Nowadays there are no such limitations. It is not a problem to arrange a whole travel adventure to try out a horse. And to see the process as checking out another car model. Treating all involved, including the horse, as sales managers who are just happy to entertain you in the hope to get some money because at the end it really is their job.

It seems today horses are viewed by buyers as any other kind of goods on the market. Like a car, for example. If you are choosing yourself a car, you go to the showroom. If it is an expensive brand — they bring you champagne and Swiss chocolates in the process. You test-drive one model, another model. Then you go away without any obligation whatsoever. To “have a thought about it”.

Do you see the problem?

People who are probably never selling horses themselves, who got some money for this fun, not necessarily a large sum. They are like shopping for a new car, not a living soul. And are doing it in a professional showroom, not with people have personal relations with the “sale object”. And another complete piece of nonsense is this idea that if a person bought a horse and paid money for it, then automatically they will care for it properly, understand how to manage it, understand what to do with it, and behave responsibly toward it.

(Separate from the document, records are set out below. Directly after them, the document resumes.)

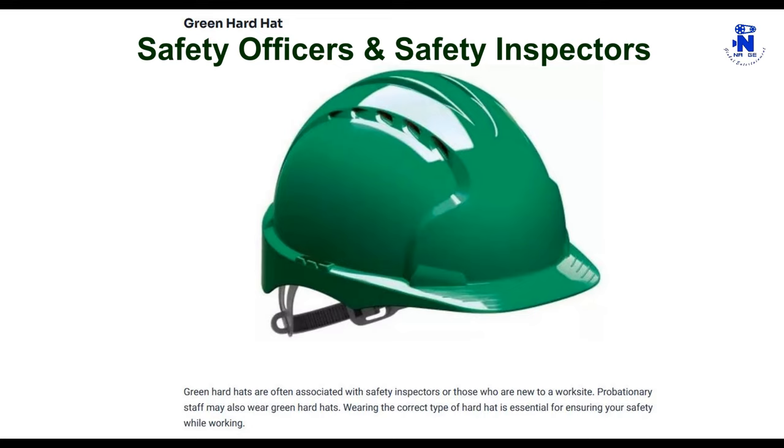Green hard hats are often associated with safety inspectors or those who are new to a work site. Probationary staff may also wear green hard hats. Wearing the correct type of hard hat is essential for ensuring your safety while working.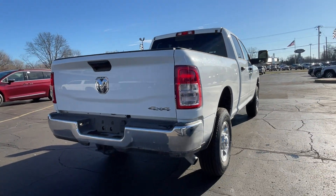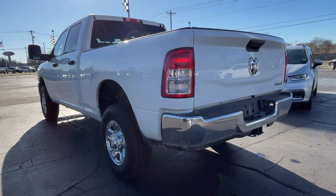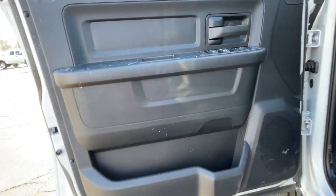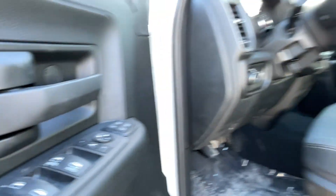Backup camera, Bluetooth, Brake Assist, Passenger Side Airbag Sensor, Adjustable Steering Wheel, Traction Control, Variable Speed Intermittent Wipers, Air Conditioning, ABS, Front Side Airbag. Find your dream car and drive it home today.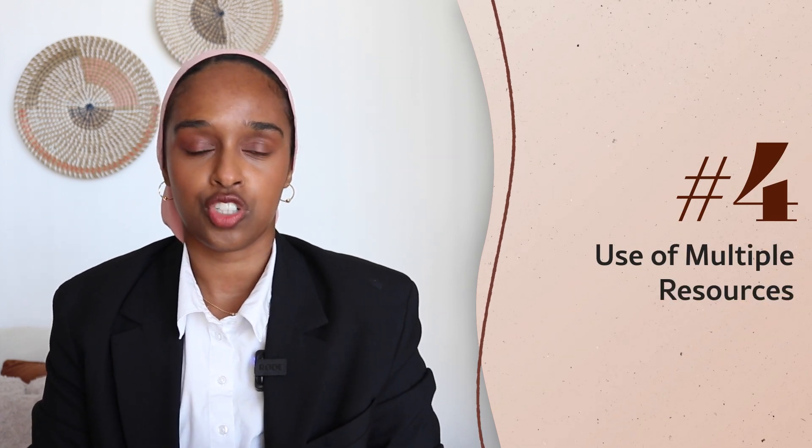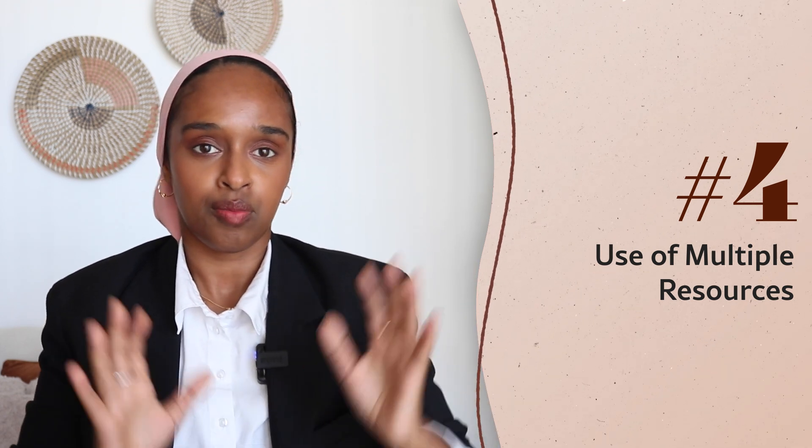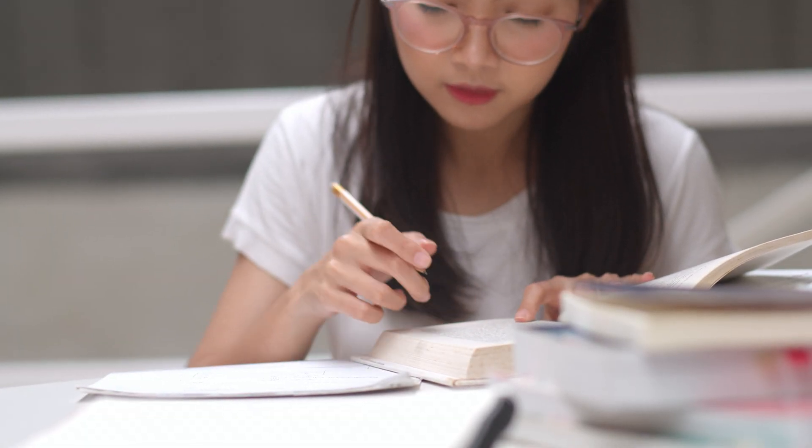High achieving students don't just rely on the resources given to them. Most students focus only on the assigned books and lectures, but high achievers go beyond — they do their own research, find more literature, speak to their tutor, professor, or lecturer to find more information than what was given, staying one step ahead. For high achieving students it's always a competition, so in essays or exams they have information the average student doesn't, and that's what makes them so high achieving.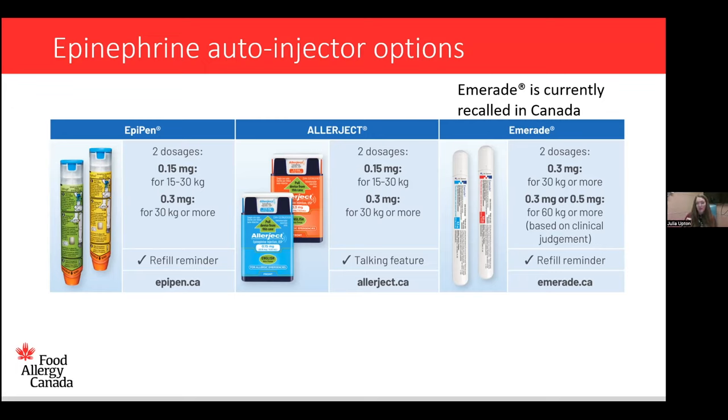For Emerade, it comes in two doses as well, but this is a little different. It comes in a 0.3 mg dose for 30 kilograms or more, and also a 0.5 mg dose for 60 kilograms or more, though a clinician may use 0.3 mg instead. Some allergists prescribe the 0.5 mg dose even for those 50 kilos and more, but the labeling is for 60 kilos and more.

Personally with this particular creature and its demands.

That is absolute nonsense. Money mostly gives people another illusion that now they have the right to demand, check, try, question, pressure, negotiate, destroy everyone’s brains, and then still leave because "they are not sure." The whole crowd believes that the buyer is always right.

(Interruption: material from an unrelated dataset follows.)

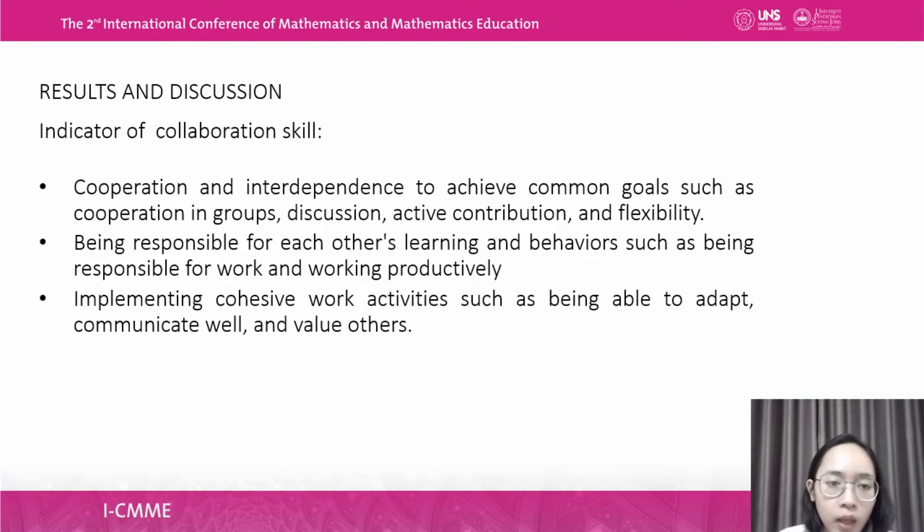There are also three indicators of collaboration skills. First, cooperation and interdependence to achieve common goals, such as cooperation in groups, discussions, active contributions, and flexibility. Second, being responsible for each other's learning and behavior, such as being responsible for work and working productively. Third, implementing cohesive work activities such as being able to adapt, communicate well, and value others.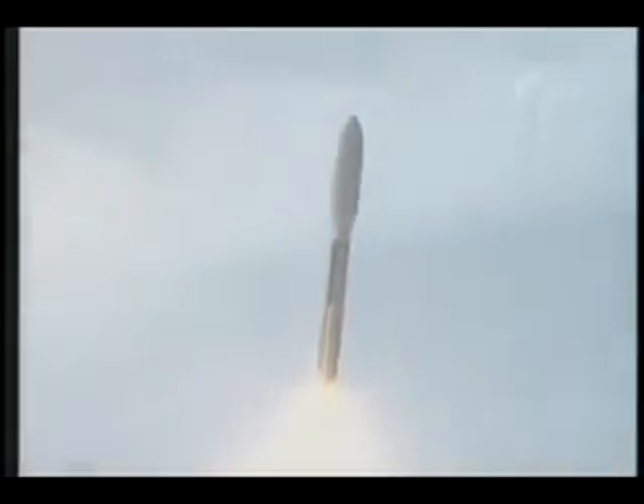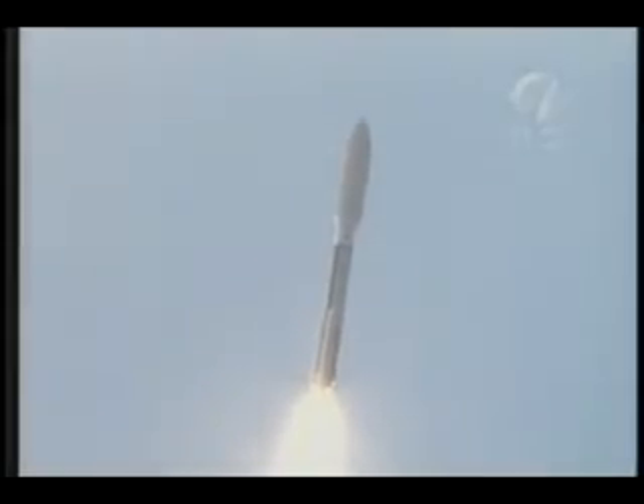Coming up on pitch program, we do have pitch program in, everything looks good. SRB chamber pressure has peaked out, rolling off as expected. RD-180 continues to operate normally. Everything looking good.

They see the picture. They want the result. They ask whether it can be bought. But they can not complete anything. Like zombies. The horse buyer world has degraded so badly and become so full of internet idiots, irresponsible people, lunatics, people who understand nothing, have no real connection to horses, or have simply lost touch with reality completely, that it becomes harder and harder to meet with those rare cases where you are dealing with a normal person.

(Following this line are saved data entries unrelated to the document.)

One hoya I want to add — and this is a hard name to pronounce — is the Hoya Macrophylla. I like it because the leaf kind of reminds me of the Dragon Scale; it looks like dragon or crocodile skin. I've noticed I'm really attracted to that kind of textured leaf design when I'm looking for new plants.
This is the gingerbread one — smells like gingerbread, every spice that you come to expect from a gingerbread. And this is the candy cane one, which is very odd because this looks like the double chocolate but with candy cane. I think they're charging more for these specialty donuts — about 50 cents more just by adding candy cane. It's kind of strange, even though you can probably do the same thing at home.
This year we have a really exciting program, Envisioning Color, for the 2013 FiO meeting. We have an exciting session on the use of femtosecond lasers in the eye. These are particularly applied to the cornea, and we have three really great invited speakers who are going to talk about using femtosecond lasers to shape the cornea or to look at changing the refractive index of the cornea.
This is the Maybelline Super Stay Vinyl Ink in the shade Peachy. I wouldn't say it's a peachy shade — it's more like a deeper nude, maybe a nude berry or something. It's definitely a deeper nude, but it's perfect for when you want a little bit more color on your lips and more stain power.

A person who genuinely wants the horse. A person who understands what and why they are doing. Meeting normal people in this zombie horse-buying apocalypse becomes really rare. So a completely natural reaction appears: to stop dealing with it altogether. And instead to create a completely different approach to the question.

A different approach to how horses can move between people. What should happen to a horse when it is time for it to continue its life with somebody else. The entire seller-horse-buyer system is rapidly degrading.

It has not completely collapsed yet. But it is clearly moving in that direction. And as far as we are concerned, we are already out of it.